The sustained growth over the past few years of Peru's economy and banking sector has caused international investors to sit up and take notice. However, with this growth coming at a faster pace than the country's capital markets can absorb, many of its businesses are having to expand into the rest of Latin America in order to maximise their gains.

When Banco de Credito del Peru (BCP), the South American country’s largest bank, was bidding for the mandate to list the shares of a long-standing client, the bank’s chief executive, Walter Bayly, thought the task would be a relatively simple one. It turned out to be anything but, as international rivals offered the prospective issuer not only the opportunity to float in Peru, but also in Chile and Colombia. BCP won the deal, but the battle it faced made it clear that issuers and deal markets do not look at Peru in isolation, but as part of a promising Andean region.
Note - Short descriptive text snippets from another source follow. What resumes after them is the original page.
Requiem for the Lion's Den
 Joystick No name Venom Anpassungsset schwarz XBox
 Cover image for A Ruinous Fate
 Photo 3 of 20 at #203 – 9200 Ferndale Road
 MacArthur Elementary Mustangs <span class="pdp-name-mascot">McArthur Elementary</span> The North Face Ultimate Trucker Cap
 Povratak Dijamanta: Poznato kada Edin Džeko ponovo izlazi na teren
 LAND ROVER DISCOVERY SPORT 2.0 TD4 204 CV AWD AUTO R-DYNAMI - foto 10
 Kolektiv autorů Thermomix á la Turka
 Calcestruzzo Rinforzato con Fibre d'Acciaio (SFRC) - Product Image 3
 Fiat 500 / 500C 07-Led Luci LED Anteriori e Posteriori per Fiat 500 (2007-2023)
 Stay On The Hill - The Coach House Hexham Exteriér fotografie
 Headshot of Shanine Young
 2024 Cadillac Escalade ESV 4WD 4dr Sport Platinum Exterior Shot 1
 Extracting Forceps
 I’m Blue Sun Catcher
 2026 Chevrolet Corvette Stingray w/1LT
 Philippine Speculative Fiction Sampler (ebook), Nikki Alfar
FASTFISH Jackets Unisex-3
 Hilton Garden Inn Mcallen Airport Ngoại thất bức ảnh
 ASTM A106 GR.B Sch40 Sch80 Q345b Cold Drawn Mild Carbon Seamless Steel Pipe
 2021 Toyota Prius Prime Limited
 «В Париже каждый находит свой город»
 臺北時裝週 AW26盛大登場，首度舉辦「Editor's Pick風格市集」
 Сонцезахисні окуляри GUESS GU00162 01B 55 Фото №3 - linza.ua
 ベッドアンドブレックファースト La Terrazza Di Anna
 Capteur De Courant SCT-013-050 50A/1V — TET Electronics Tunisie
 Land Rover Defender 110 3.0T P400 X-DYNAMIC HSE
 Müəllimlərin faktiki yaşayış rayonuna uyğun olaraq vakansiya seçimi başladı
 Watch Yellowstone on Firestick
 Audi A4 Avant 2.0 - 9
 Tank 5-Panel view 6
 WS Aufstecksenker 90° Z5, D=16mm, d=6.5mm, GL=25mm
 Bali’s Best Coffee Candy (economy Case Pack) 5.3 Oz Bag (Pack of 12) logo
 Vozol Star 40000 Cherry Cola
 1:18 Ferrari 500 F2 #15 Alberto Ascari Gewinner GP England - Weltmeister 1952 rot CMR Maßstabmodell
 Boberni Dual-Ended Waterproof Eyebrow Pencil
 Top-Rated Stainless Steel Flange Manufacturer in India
“Both on the issuer and the investor side, it is very clear that the market is very much integrated already,” says Mr Bayly. The example shows just how crucial BCP’s regional strategy is. The lender has acquired Chilean investment bank IM Trust in April this year and Colombian investment brokerage Correval in November 2011.

Andean expansion

This expansion of Peru’s banks and businesses runs alongside the strengthening of the 'MILA project', the stock exchange integration between Peru, Colombia and Chile, which was created more than a year ago. Jose Antonio Blanco, the president of Peru's central securities depository, Cavali, has been closely involved in the development of MILA, and despite the exchange not quite performing as well as had been hoped – continued uncertainty in the global markets has hindered its growth – MILA has shown encouraging signs. “We have seen that Chilean investments in Peru have doubled and the number [of investors] has grown by 35%, while the number of Colombian investors has grown by 100%,” he says, while acknowledging that these figures are from a very low base.

BCP itself has also benefited from the growing interest in Peruvian assets and the expanded firepower of Latin America’s investors. The bank’s latest debt issuance, in September last year, did not receive a particularly warm reception in Europe, where investors were preoccupied with other matters, something that Mr Bayly says did not come as a surprise. However, the $350m subordinated notes, yielding 6.875%, were nonetheless successfully placed, despite the limited 14% allocation to Europe. The success of the issue was largely down to the fact that 40% of the bookings came from Latin America. “That number was traditionally 20%,” says Mr Bayly.

Peru gets active

BCP is the largest and most active Peruvian issuer but many other local companies have increased in size and are getting ready to tap the international capital markets – encouraged by the alternatives offered by livelier Latin American investors. Many companies in Peru have seen their turnovers expand tenfold over the past decade and their requirements are becoming too large for Peru’s capital market to absorb, meaning that these companies have increasingly had to look abroad.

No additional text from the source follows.